▸ Provided entries
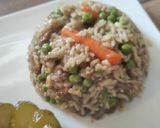 Zöldséges májas rizottó recept fázis 3 fotója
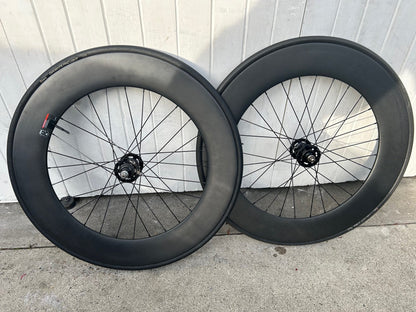 Carbon Clincher 88mm Track Wheelset
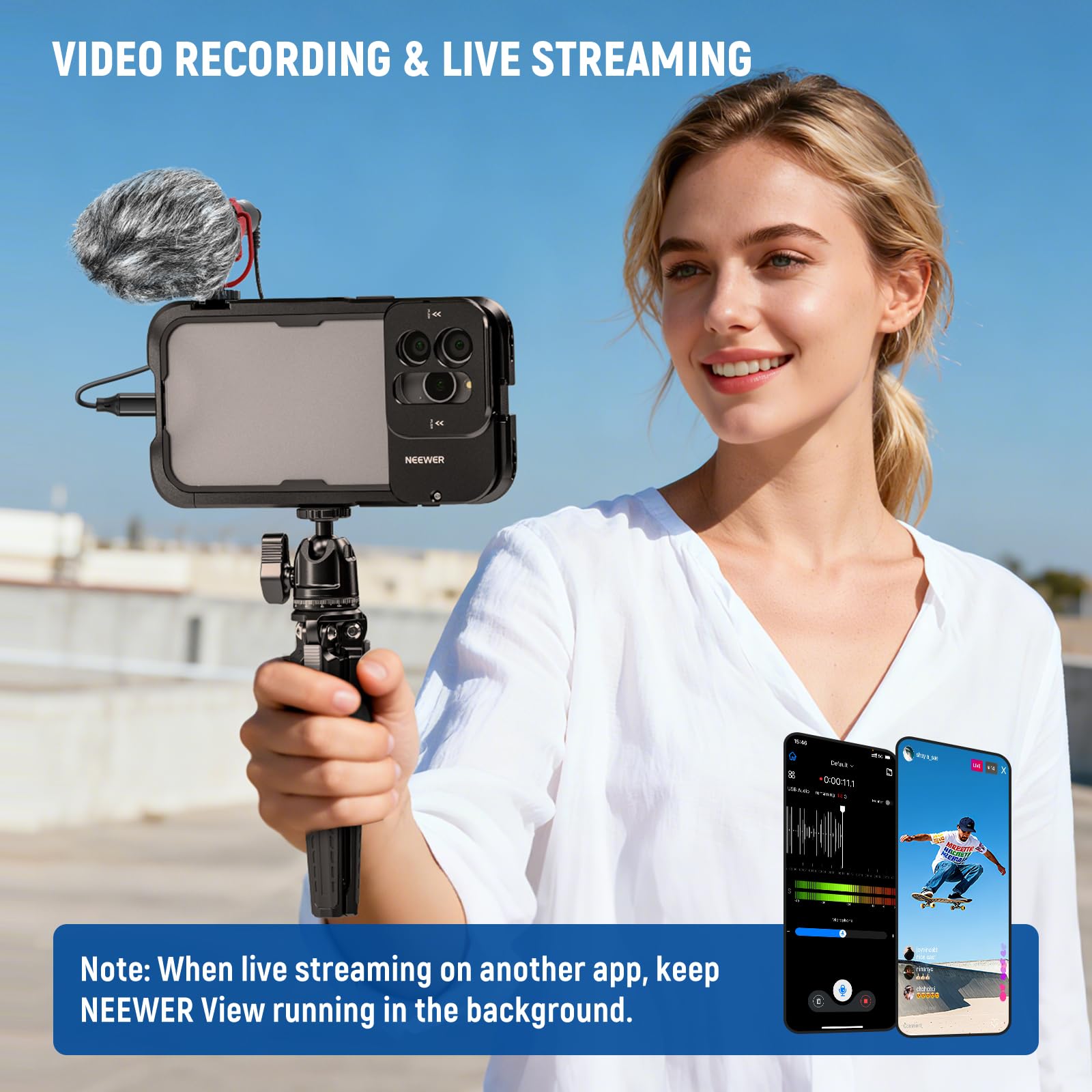 NEEWER VM10 Plug & Play Vlog Microphone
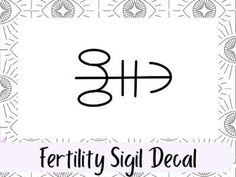 the word fertity sigil deal written in black ink on a white background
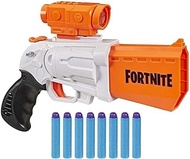 Nerf Fortnite SR Blaster, 4-Dart Hammer Action, Includes Removable Scope and 8 Official Nerf Elite Darts, for Youth, Teens, Adults
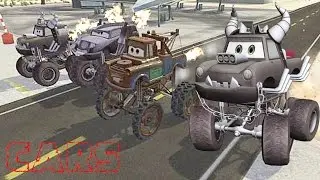 Cars Monster Race Racing with Count Spatula / CARS MATER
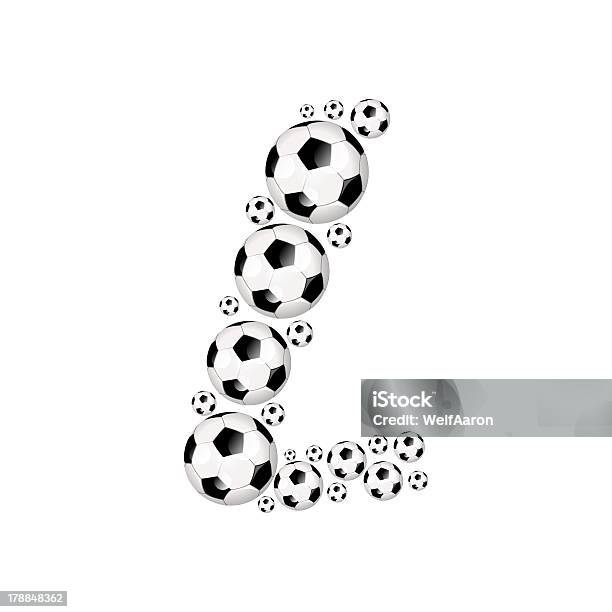 Fußball Fußball Alphabet Buchstabe L Stockfoto und mehr Bilder von Alphabet - Alphabet, Buchstabe L, Dreidimensional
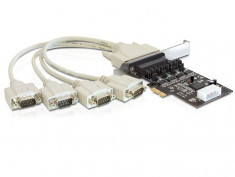 Placa PCI Express la 4 x Serial Power Management, Delock 89306 foto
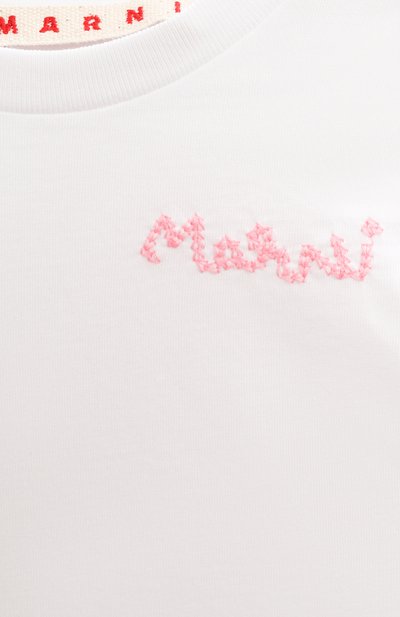 Хлопковая футболка MARNI, арт. M01139/M00HZ, фото 3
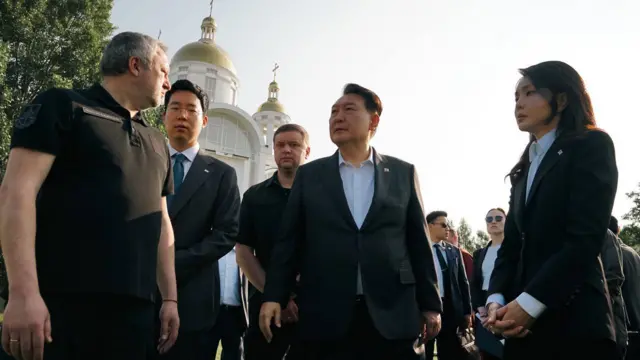 Президент Южной Кореи Юн Сок Ёль в Буче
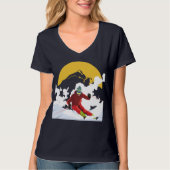 Downhill Skiing T-shirt (Voorkant)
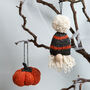 Halloween Decorations Garland And Baubles Knitting Kit, thumbnail 4 of 9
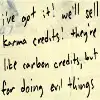 Karma Credits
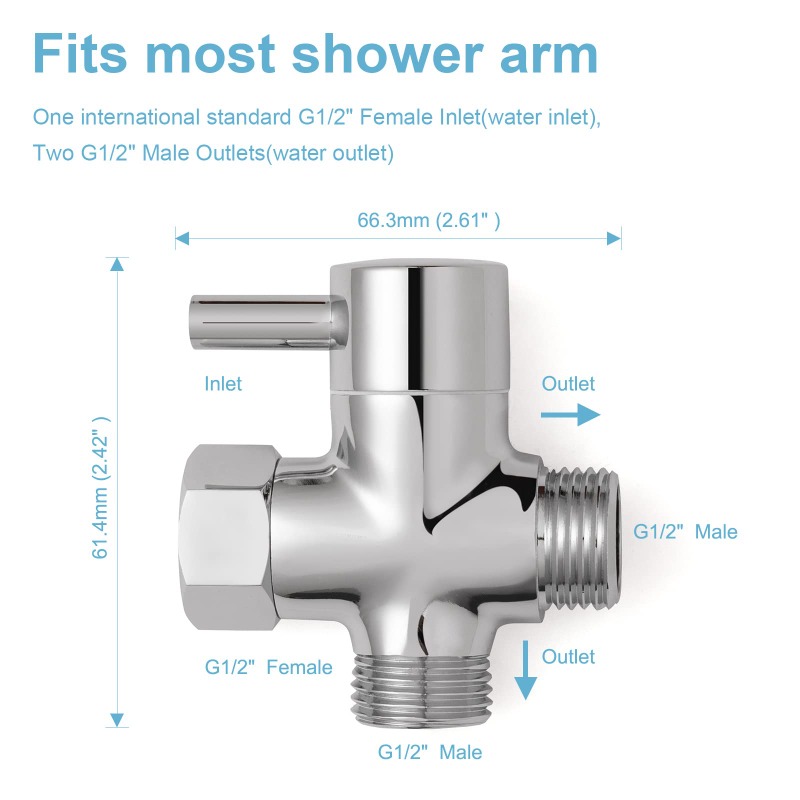 النحاس معدن 3 طريقة دش رئيس صم - مراجعة Shower Valve Cartridge وسعره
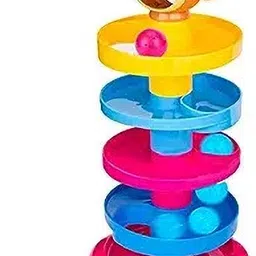 lipsa 5 Layer Ball Drop and Roll Swirling Tower for Baby and Toddlers image 2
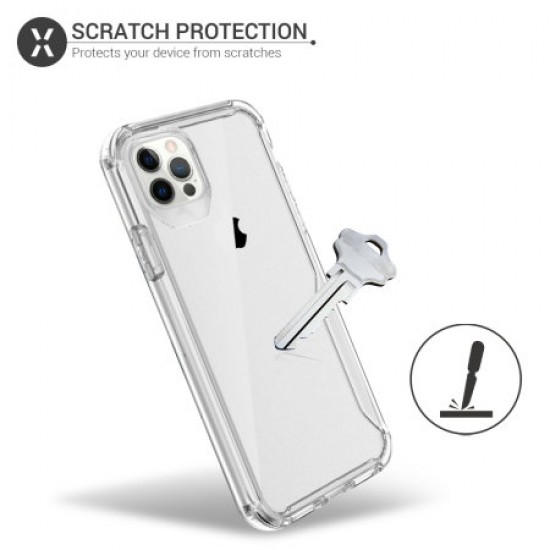 Olixar NovaShield iPhone 12 Pro Max Bumper Case - Clear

▸ What to work on
Transcribe each entry exactly; images stay out.

▸ Solution to the exercise
 Zöldséges májas rizottó recept fázis 3 fotója
 Carbon Clincher 88mm Track Wheelset
 NEEWER VM10 Plug & Play Vlog Microphone
 the word fertity sigil deal written in black ink on a white background
 Nerf Fortnite SR Blaster, 4-Dart Hammer Action, Includes Removable Scope and 8 Official Nerf Elite Darts, for Youth, Teens, Adults
 Cars Monster Race Racing with Count Spatula / CARS MATER
 Fußball Fußball Alphabet Buchstabe L Stockfoto und mehr Bilder von Alphabet - Alphabet, Buchstabe L, Dreidimensional
 Placa PCI Express la 4 x Serial Power Management, Delock 89306 foto
 Хлопковая футболка MARNI, арт. M01139/M00HZ, фото 3
 Президент Южной Кореи Юн Сок Ёль в Буче
 Downhill Skiing T-shirt (Voorkant)
 Halloween Decorations Garland And Baubles Knitting Kit, thumbnail 4 of 9
 Karma Credits
 النحاس معدن 3 طريقة دش رئيس صم - مراجعة Shower Valve Cartridge وسعره
 lipsa 5 Layer Ball Drop and Roll Swirling Tower for Baby and Toddlers image 2
 Olixar NovaShield iPhone 12 Pro Max Bumper Case - Clear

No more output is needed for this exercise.